[Record set — start]

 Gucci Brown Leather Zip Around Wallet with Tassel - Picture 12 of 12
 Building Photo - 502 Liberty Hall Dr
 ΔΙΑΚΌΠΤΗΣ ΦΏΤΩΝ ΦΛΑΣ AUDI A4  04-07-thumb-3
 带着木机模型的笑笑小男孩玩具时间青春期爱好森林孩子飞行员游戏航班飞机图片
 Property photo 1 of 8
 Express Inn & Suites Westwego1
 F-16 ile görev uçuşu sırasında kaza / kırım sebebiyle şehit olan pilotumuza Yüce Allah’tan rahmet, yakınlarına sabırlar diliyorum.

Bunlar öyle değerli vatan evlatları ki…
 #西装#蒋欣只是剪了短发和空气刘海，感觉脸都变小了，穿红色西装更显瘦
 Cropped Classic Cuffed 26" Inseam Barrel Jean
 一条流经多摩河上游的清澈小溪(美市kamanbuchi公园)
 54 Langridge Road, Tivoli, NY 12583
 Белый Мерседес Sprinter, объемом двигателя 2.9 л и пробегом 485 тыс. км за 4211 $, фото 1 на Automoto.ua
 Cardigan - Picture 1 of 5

[Record set — finish]

■ **What you will do**
All the lines above need to be retyped exactly, with nothing left out.

■ **Answer to the problem**
 Gucci Brown Leather Zip Around Wallet with Tassel - Picture 12 of 12
 Building Photo - 502 Liberty Hall Dr
 ΔΙΑΚΌΠΤΗΣ ΦΏΤΩΝ ΦΛΑΣ AUDI A4  04-07-thumb-3
 带着木机模型的笑笑小男孩玩具时间青春期爱好森林孩子飞行员游戏航班飞机图片
 Property photo 1 of 8
 Express Inn & Suites Westwego1
 F-16 ile görev uçuşu sırasında kaza / kırım sebebiyle şehit olan pilotumuza Yüce Allah’tan rahmet, yakınlarına sabırlar diliyorum.

Bunlar öyle değerli vatan evlatları ki…
 #西装#蒋欣只是剪了短发和空气刘海，感觉脸都变小了，穿红色西装更显瘦
 Cropped Classic Cuffed 26" Inseam Barrel Jean
 一条流经多摩河上游的清澈小溪(美市kamanbuchi公园)
 54 Langridge Road, Tivoli, NY 12583
 Белый Мерседес Sprinter, объемом двигателя 2.9 л и пробегом 485 тыс. км за 4211 $, фото 1 на Automoto.ua
 Cardigan - Picture 1 of 5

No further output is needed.